Far3D provides a significant advancement in surround-view 3D object detection by expanding the detection horizon to include distant objects.

LiDAR-based Models

Car Truck CV Bus Tra Bar Mot Bic Ped Cone
CenterPoint (spconv) 84.5 47.9 7.9 58.9 28.1 62.4 44.1 16.0 76.3 51.9
TransFusion-L (spconv) 87.7 59.7 19.3 72.8 40.9 70.0 72.0 54.7 86.5 73.9
BEVFusion-CL (spconv) 88.3 53.6 21.8 73.3 38.1 72.4 76.2 61.2 87.4 78.0

CenterPoint

CenterPoint is a simple and efficient model for 3D detection, often considered the standard in autonomous driving.
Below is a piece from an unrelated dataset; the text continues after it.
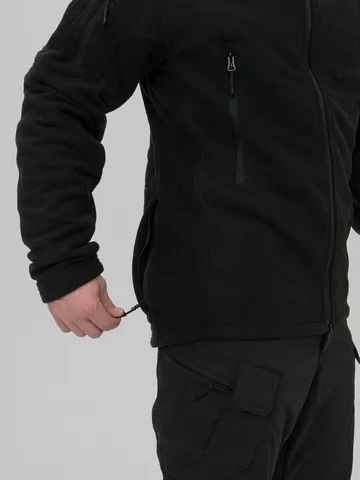 Джемпер Remington Cold-proof Tactical Сatching Fleece Black — одежда для охоты, рыбалки, туризма и города | KORGAN.KZ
CenterPoint can choose from spconv (Sparse Convolution) or pillar (Pillar Feature Net) as backbone of LiDAR encoder.

TransFusion

TransFusion introduces Camera-LiDAR fusion for 3D object detection using a transformer-based architecture and a cross-modal attention mechanism. While Camera-LiDAR fusion is not efficient results, the LiDAR-only method using TransFusionHead is an efficient model. TransFusion can choose from spconv (Sparse Convolution) or pillar (Pillar Feature Net) as backbone of LiDAR encoder.

BEVFusion

BEVFusion introduces a robust and efficient framework for multi-sensor fusion in autonomous systems. By leveraging a unified Bird’s-Eye View (BEV) representation, the framework simplifies and improves the process of combining data from various sensors (LiDAR, cameras, radar) while supporting multiple tasks such as object detection, tracking, and segmentation in a single pipeline. BEVFusion use spconv (Sparse Convolution) as backbone of LiDAR encoder and ResNet or SwinTransformer as backbone of image encoder.